It has been some time since I “created the mask.”

I still can’t explain exactly what I did. Not completely. But whatever it was, it seriously altered the Link.

The connection I have with my children has not weakened. I can still speak to them. I can still feel where they are. Orders still pass through. Alerts still reach me. The structural parts of the Link remain intact.

But my control over the hive’s emotions has changed.

No.

That isn’t right.

It has weakened.

Before, I could influence the hive’s emotional state almost directly. Anger. Sadness. Happiness. Urgency. Calm. Not perfectly, and not always gently, but the possibility existed. My emotions could become theirs, and with enough pressure, I could make the whole hive move under the weight of what I felt.

Now that power is mostly gone.

Or rather, I blocked it myself.

I can still talk to them through the Link. I can still sense them in broad strokes. But I can no longer read them as deeply as before. I cannot look at a worker and know, just by the subtle vibration of the Link, whether he is happy, sad, angry, or uncomfortable.

That part of the connection has gone quiet.

I think if I untied the knot, things would return to normal.

But I don’t want to.

I don’t want them to feel my weakness.

I don’t want to make them weak with me.

It isn’t their fault my mind has been broken from the start. It isn’t their fault that every loss becomes a wound I can’t close. I cannot let my failures and mistakes keep spreading through them. Not if I want them to survive.
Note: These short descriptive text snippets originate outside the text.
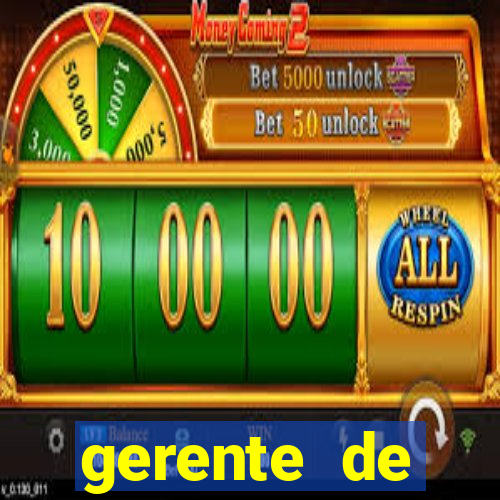 gerente de plataforma slots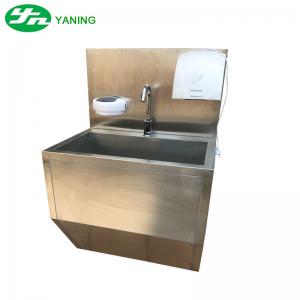 China One Person Stainless Steel Medical Hand Wash Sink With Hand Dryer For Food Industry supplier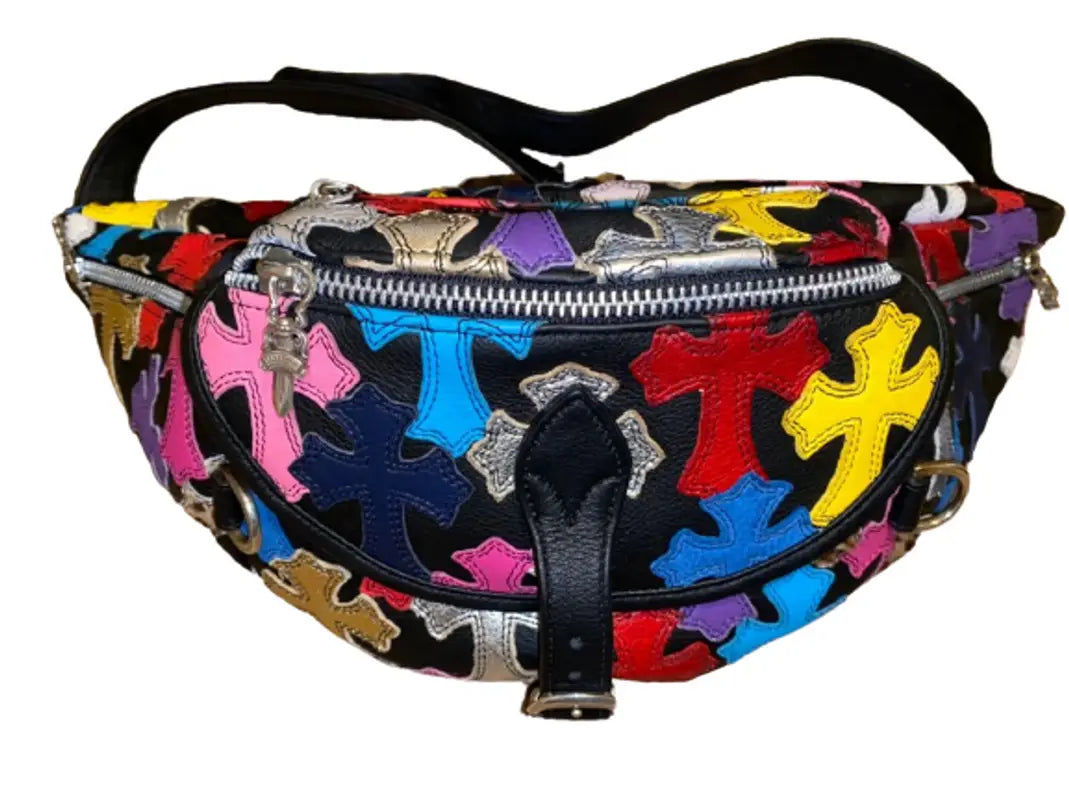 authentic chrome hearts waist bag - premium designer jewelry front view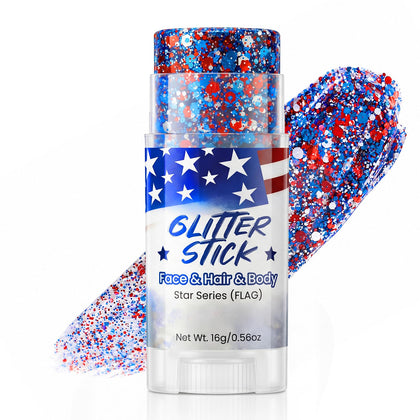 Gravel Dew front packaging showing patriotic glitter stick and benefits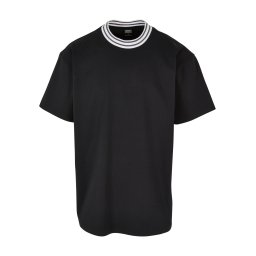 Urban Classics Tricou 'Kicker' gri / negru / alb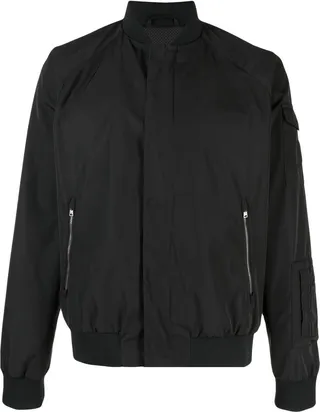 Logo-Patch Bomber Jacket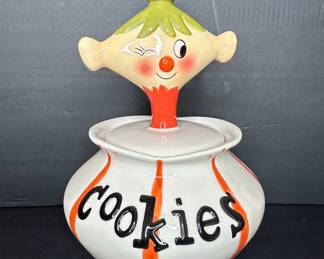 Vintage Holt Howard Pixie Character Cookie Jar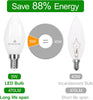 E14 LED Light Bulb, 5W 470lm Small Edison Screw Candle Bulbs, Warm White 2700K, Energy Saving Non-Dimmable, Pack of 6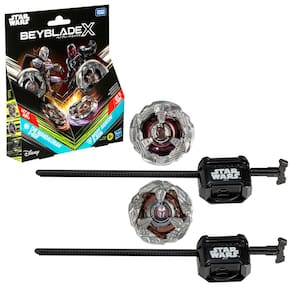 Pacote múltiplo Beyblade X The Mandalorian vs Moff Gideon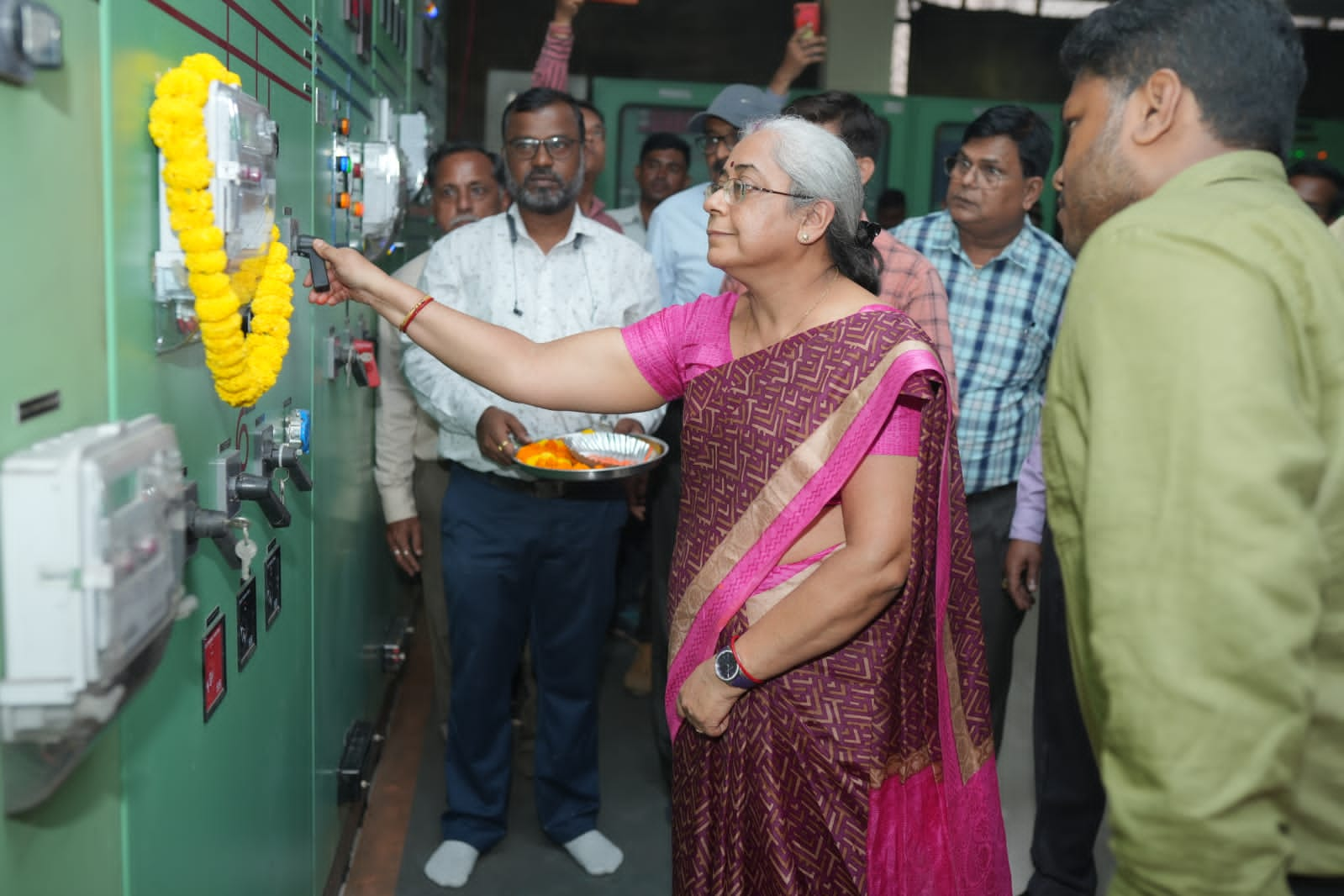 9.29 करोड़ रूपये की लागत से 160 एमव्हीए क्षमता का पाॅवर ट्रांसफार्मर ऊर्जीकृत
Without my emotional interference, they can focus on their duties without worrying about whether poor Queen Mother is having a bad day.

Honestly, I feel pathetic for not having the strength to do this sooner.

It does not matter that my power over them has diminished.

What matters is that I have stopped being a burden.

Steve knows I did something.

He came to speak with me the same day I changed the Link. He could not say exactly what I had done. Even though his skill with Link manipulation is greater than mine, he is not the source.

I am.

The difference matters.

It is like a person inspecting the wiring in a house from the outside, while I am the one standing at the main power source. He can understand the system better than I can in some ways, but there are parts only I can touch. A socket can be unplugged. A wire can be moved. A channel can be damaged near the origin, and unless the change is large enough, no one else will fully understand what happened.

In my case, I damaged only one channel of the Link.

The emotional channel.

Then I made it send selected information instead of real-time truth.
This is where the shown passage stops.